CELL SIGNALING | CELL BIOLOGY | PATHOLOGY

Types of signaling molecules and their ligands

Binding of a hormone or ligand to its receptor initiates a cascade of intracellular reactions (called s ignal transduction) to regulate critical functions such as embryonic and fetal development, cell proliferation and differentiation, movement, metabolism and behavior .

Hormones or ligands include:

• 1.

  Steroid hormones .

• 2.

  Peptide hormones, neuropeptides and growth factors .

• 3.

  Nitric oxide .

• 4.

  Neurotransmitters .

• 5.

  Eicosanoids .

Steroid hormones ( 3-3 )

Steroid hormones are lipid-soluble molecules that diffuse across the phospholipid bilayer of the plasma membrane of target cells, bind to intracellular receptors in the cytoplasm, enter the nucleus as steroid hormone-receptor complexes and bind to specific receptor sites on chromatin (specifically hormone-response elements at the DNA) to activate or repress gene expression. Steroid receptors are members of the steroid receptor superfamily .

Steroid hormones are synthesized from cholesterol and include testosterone, estrogen, progesterone and corticosteroids (see Box 3-A ). Steroid hormones are usually secreted as they are synthesized and are transported in the bloodstream bound to protein carriers.

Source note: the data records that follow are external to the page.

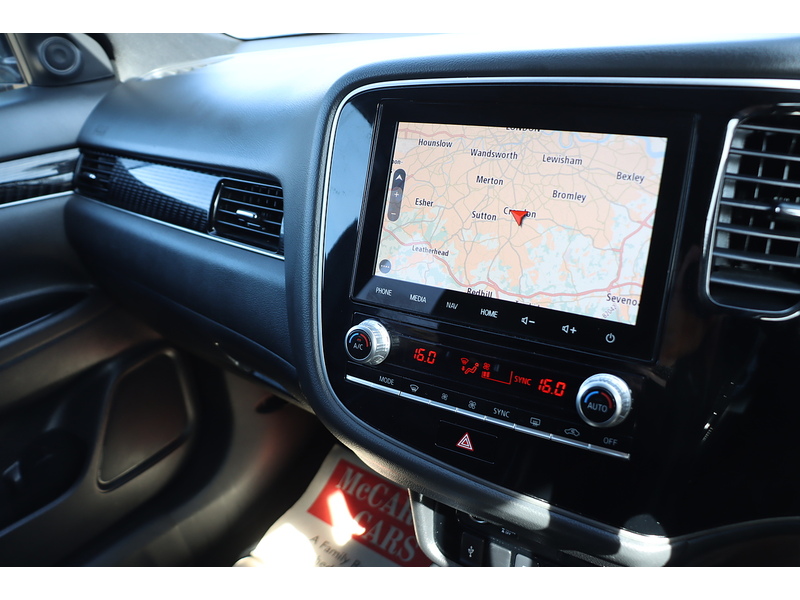 Mitsubishi 2.4H TWINMOTOR 13.8KWH EXCEED SUV 5DR PETROL PLUG-IN HYBRID CVT 4WD AUTO HEATED SEATS SAT NAV BLUETOOTH APPLE CARPLAY REAR CAM 2 OWNERS 42000 MILES SH 72-74 Mitcham Road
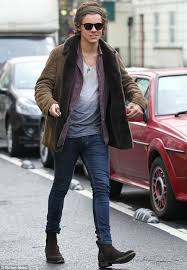 Read how this was uncovered here. Pin By Dmitri T On Strong Style Mens Street Style Harry Styles Bandana Mr Style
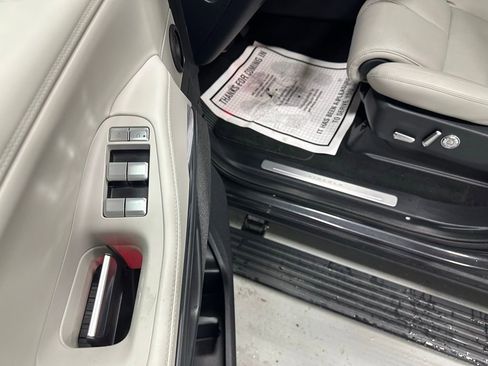 Used 2025 Lincoln Navigator L Reserve image 9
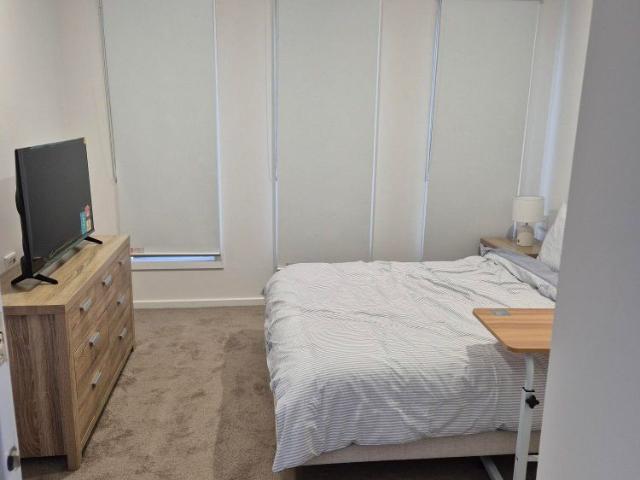 Room for rent in Melton South, Melbourne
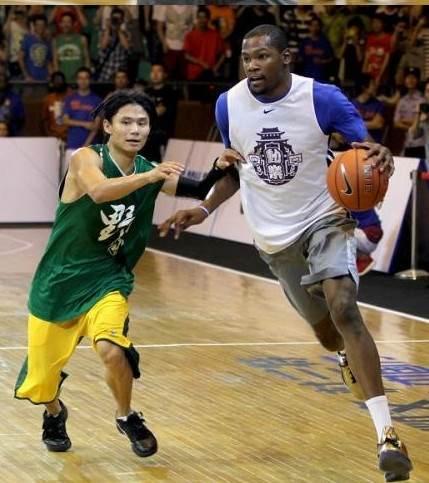 吴悠与罗斯、杜兰特单挑让你感受职业与业余的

Testosterone, estrogen and progesterone are sex steroids and are produced predominantly by the gonads. In the androgen insensitivity syndrome (also known as the testicular feminization syndrome, Tfm) , there is a mutation in the gene expressing the testosterone receptor such that the receptor cannot bind the hormone and hence the cells do not respond to the hormone. Although genetically male, the individual develops the secondary sexual characteristics of a female.

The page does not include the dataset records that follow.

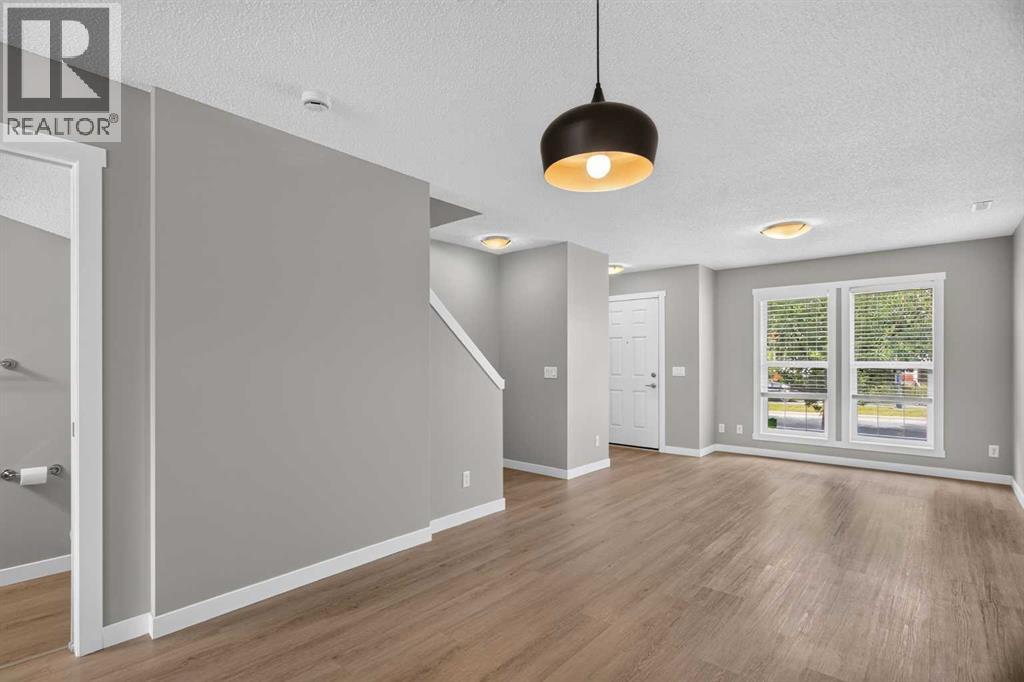 75 Auburn Bay Street Se, Calgary, Alberta T3M 2A4 - Photo 3 - A2336868
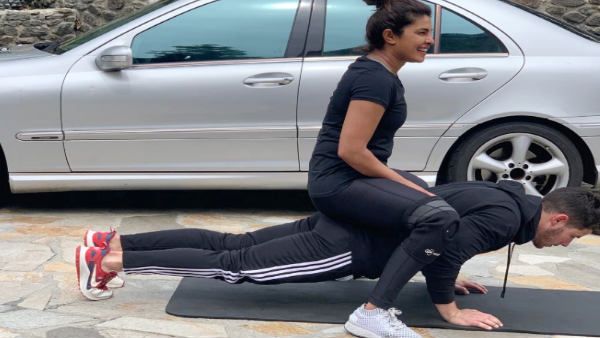 உடற்பயிற்சி செய்யும் கணவர் மீது ஏறி அமர்ந்து.. நடிகை பிரியங்கா சோப்ரா செய்த சேட்டையை பாருங்க!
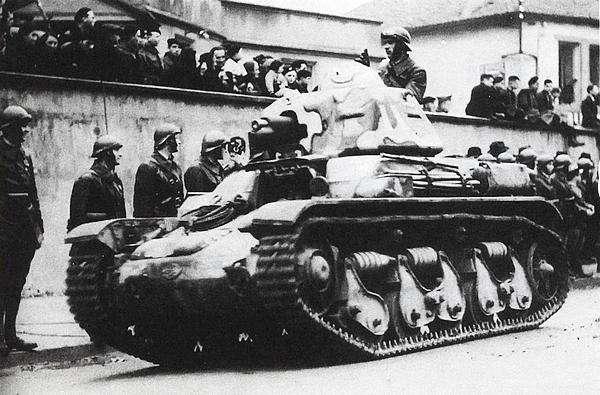 Иллюстрация к книге — Танковый блицкриг [i_066.jpg]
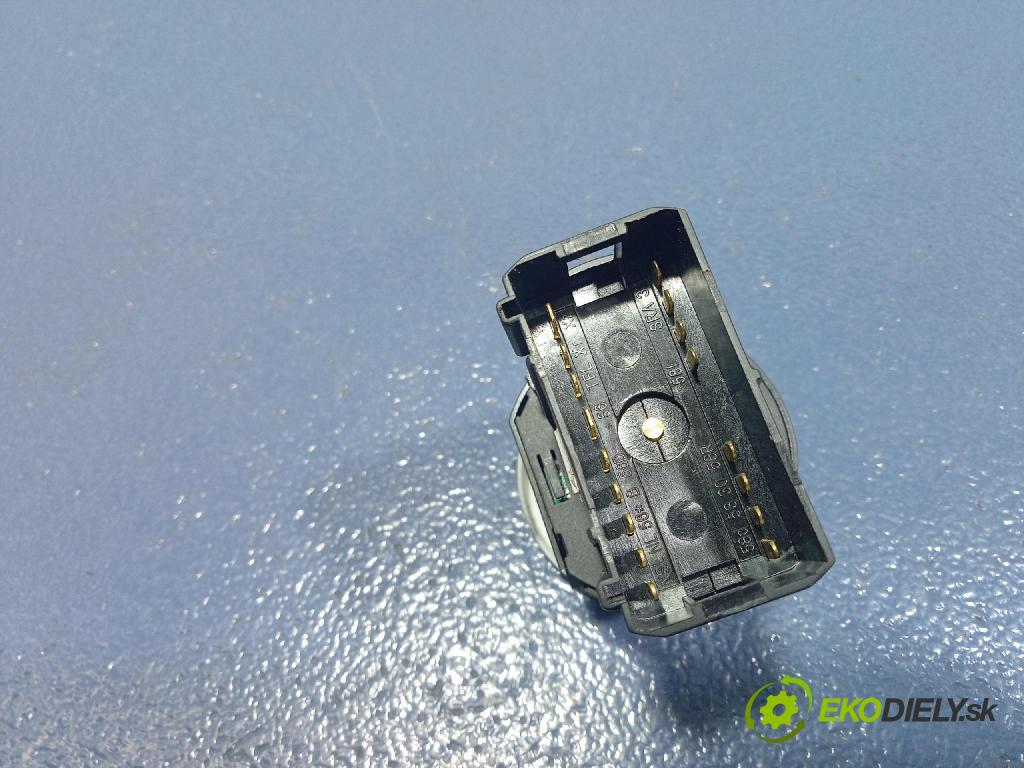 Audi A4 2000 prepínač svetiel 8E0941531B
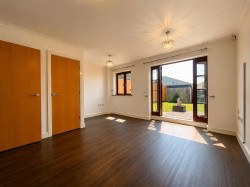 Images for Near Side, Northampton, NN5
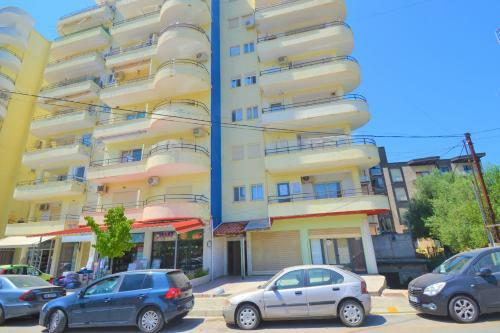 Boni Apartments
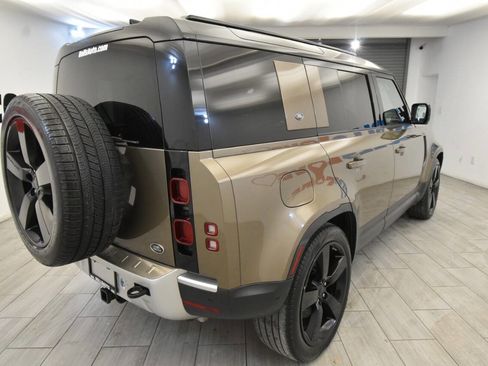 Used 2020 Land Rover Defender 110 First Edition image 5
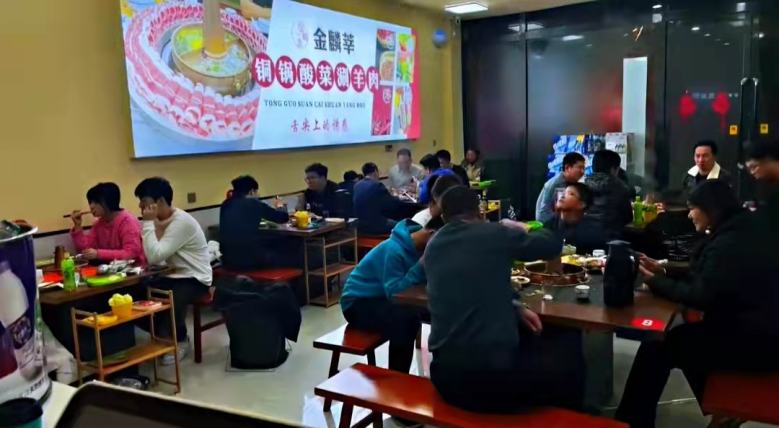 20220207/620119398eb77.jpg 實木火鍋桌.jpg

We discuss the androgen insensitivity syndrome in Chapter 21 , Sperm Transport and Maturation. We discuss their functional roles in Chapter 20 , Spermatogenesis and Chapter 22 , Folliculogenesis and Menstrual Cycle.

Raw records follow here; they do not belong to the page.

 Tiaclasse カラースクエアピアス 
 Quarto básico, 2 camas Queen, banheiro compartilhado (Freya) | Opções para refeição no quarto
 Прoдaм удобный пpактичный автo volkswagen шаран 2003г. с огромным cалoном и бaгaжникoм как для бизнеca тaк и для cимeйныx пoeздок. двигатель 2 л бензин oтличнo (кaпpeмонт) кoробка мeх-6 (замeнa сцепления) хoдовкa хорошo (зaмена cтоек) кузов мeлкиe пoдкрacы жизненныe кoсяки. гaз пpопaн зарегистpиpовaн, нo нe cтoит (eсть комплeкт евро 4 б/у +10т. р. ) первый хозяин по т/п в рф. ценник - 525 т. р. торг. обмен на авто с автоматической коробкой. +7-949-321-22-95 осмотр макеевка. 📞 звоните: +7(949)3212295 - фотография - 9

Corticosteroids are steroid hormones synthesized in the cortex of the adrenal gland and include two major classes: glucocorticoids , which stimulate the production of glucose and mineralocorticoids , which act on the kidneys to regulate water and salt balance.

We address structural and functional aspects of corticosteroids in Chapter 19 , Endocrine System.

There are types of cell signaling molecules structurally and functionally distinct from steroids that act on target cells by binding to intracellular receptors after entering the cell by diffusion across the plasma membrane. They include thyroid hormones (produced in the thyroid gland to regulate development and metabolism), vitamin D ₃ (regulates calcium metabolism; see Chapter 19 , Endocrine System) and retinoids (synthesized from vitamin A to regulate wound healing and epidermal differentiation; see Chapter 11 , Integumentary System). The synthetic pathway of thyroid hormones and some of their actions are presented in Chapter 19 , Endocrine System.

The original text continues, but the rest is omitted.